Posisi generasi milinial saat ini memang sangat diperhitungkan pada tahun politik mendatang. Hal ini menunjukkan bahwa generasi milenial sangat dibutuhkan dalam kemajuan dan perkembangan kebijakan-kebijakan strategis yang bermanfaat bagi lingkungannya. Berdasarkan data Komisi Pemilihan Umum (KPU) pada tahun 2018 lalu, jumlah pemilih muda generasi milenial mencapai 70-80 juta jiwa dari total 193 juta pemilih se-Indonesia. Artinya, hampir 40% pemilih milenial memiliki pengaruh yang besar terhadap hasil pemilu dan dalam menentukan pemimpin untuk masa mendatang.

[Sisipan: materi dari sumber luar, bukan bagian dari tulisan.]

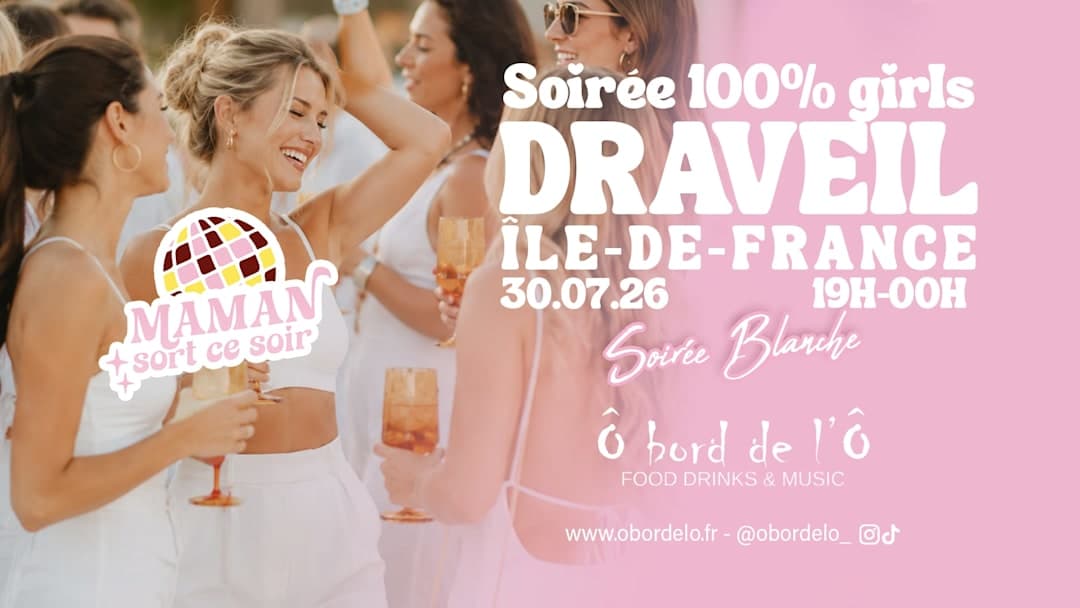 MAMAN SORT CE SOIR DRAVEIL - Soirée Blanche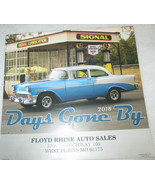 2018 &#39;DAYS GONE BY&#39; Classic Cars Wall Calendar 56 CHEV ON COVER FLOYD RH... - $24.85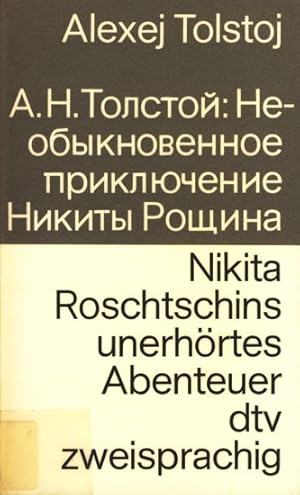 Nikita Roschtschins unerhörtes Abenteuer - Neobyknowennoe prikljutschenie Nikity Roschtschina : R...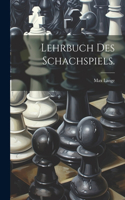 Lehrbuch des Schachspiels.
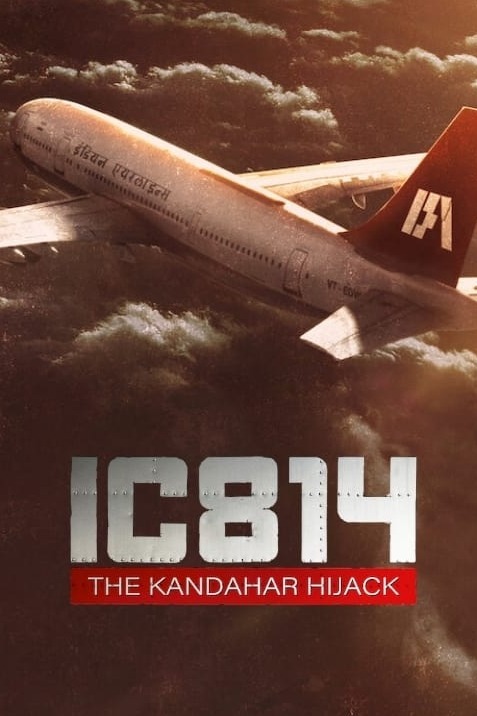 IC 814: The Kandahar Hijack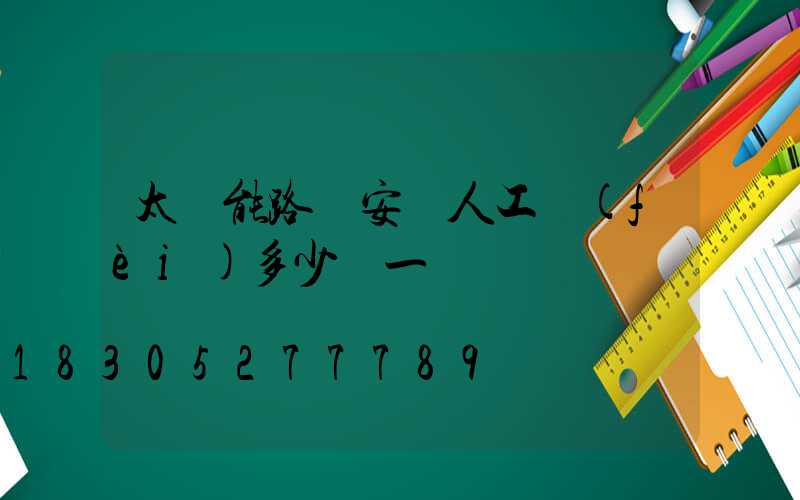 太陽能路燈安裝人工費(fèi)多少錢一盞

Belakangan ini, kita juga melihat beberapa partai politik yang melakukan kampanye dengan semboyan "Politik Anak Muda". Inisiatif untuk menyusun strategi kampanye berbasis keterlibatan anak muda merupakan salah satu langkah efektif bagi partai meraup suara mayoritas yang saat ini dimiliki anak-anak muda. Seperti halnya Partai Amanan Nasional (PAN) membentuk Kaukus Milenial, Partai NasDem membentuk Garda Pemuda NasDem, dan partai lainnya yang juga sama memiliki fokus perekrutan suara milenial. Hal ini tentu didasarkan pada kesempatan strategis bagi para organisasi-organisasi politik untuk melalui berbagai percepatan dalam memberikan ruang bagi anak muda untuk terjun ke dalam dunia politik praktis.

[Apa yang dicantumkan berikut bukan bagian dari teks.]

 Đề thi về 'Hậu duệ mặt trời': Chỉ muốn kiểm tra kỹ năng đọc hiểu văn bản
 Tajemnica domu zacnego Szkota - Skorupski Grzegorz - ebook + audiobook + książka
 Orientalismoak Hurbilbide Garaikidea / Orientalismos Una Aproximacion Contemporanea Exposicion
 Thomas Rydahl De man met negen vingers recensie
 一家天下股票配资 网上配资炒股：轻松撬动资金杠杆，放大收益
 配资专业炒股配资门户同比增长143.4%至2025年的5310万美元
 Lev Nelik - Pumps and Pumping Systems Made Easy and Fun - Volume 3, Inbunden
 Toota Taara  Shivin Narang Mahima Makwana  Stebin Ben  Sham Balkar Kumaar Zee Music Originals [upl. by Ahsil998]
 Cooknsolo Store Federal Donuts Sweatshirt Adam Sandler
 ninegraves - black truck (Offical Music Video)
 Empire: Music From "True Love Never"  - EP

Maka dari itu, agar anak-anak muda mampu beradaptasi memberikan dampak positif sebagai arti kehadiran mereka dalam proses kontestasi politik mendatang dibutuhkan adanya bekal pengetahuan sebagai modal mereka dalam bersaing secara ideal dan konsisten. Anak muda sebagai bonus demograsi harus dimaknai sebagai kesempatan bagi Indonesia untuk melalukan berbagai percepatan pembangunan dengan dukungan sumber daya manusia (SDM) produktif yang melimpah. Apalagi ini berkaitan dengan agenda besar pembangunan berkelanjutan (Sustainable Development Goals) Indonesia di tahun 2030.

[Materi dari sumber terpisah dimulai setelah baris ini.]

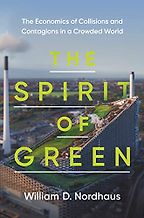 The Spirit of Green: The Economics of Collisions and Contagions in a Crowded World  The Spirit of Green: The Economics of Collisions and Contagions in a Crowded World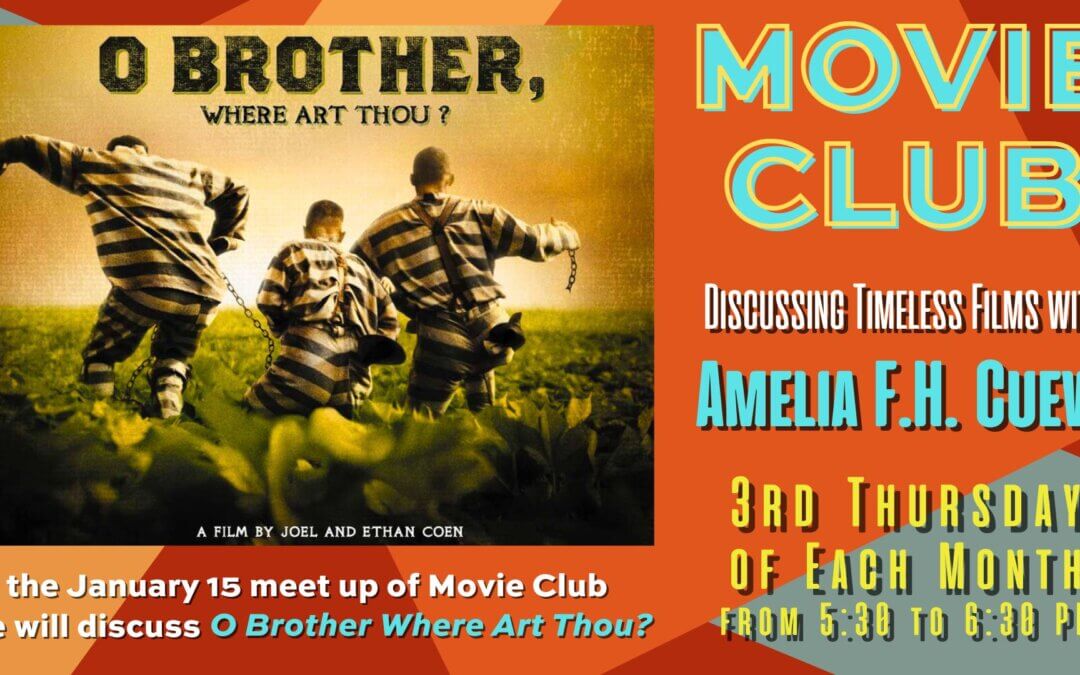 Movie Club | “O Brother, Where Art Thou?”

Gejolak keterlibatan anak muda dalam kontestasi politik nasional bisa dimaknai sebagai dampak baik dan buruk. Salah satu dampak buruk akibat dari keterlibatan anak muda sebagai partisipasi politik adalah ketidakingintahuan (apatisme) mereka terhadap proses politik yang terjadi saat ini. Akibatnya, banyak pemilih muda mengabaikan seluruh pelaksanaan politik yang diakibatkan dari tindakan penyelewengan tugas oleh para perumus kebijakan. Inilah yang harus menjadi perhatian utama terkhusus bagi pemerintah dan partai politik untuk dapat menumbuhkan kembali kepercayaan anak-anak muda untuk berpartisipasi ke dalam dunia politik.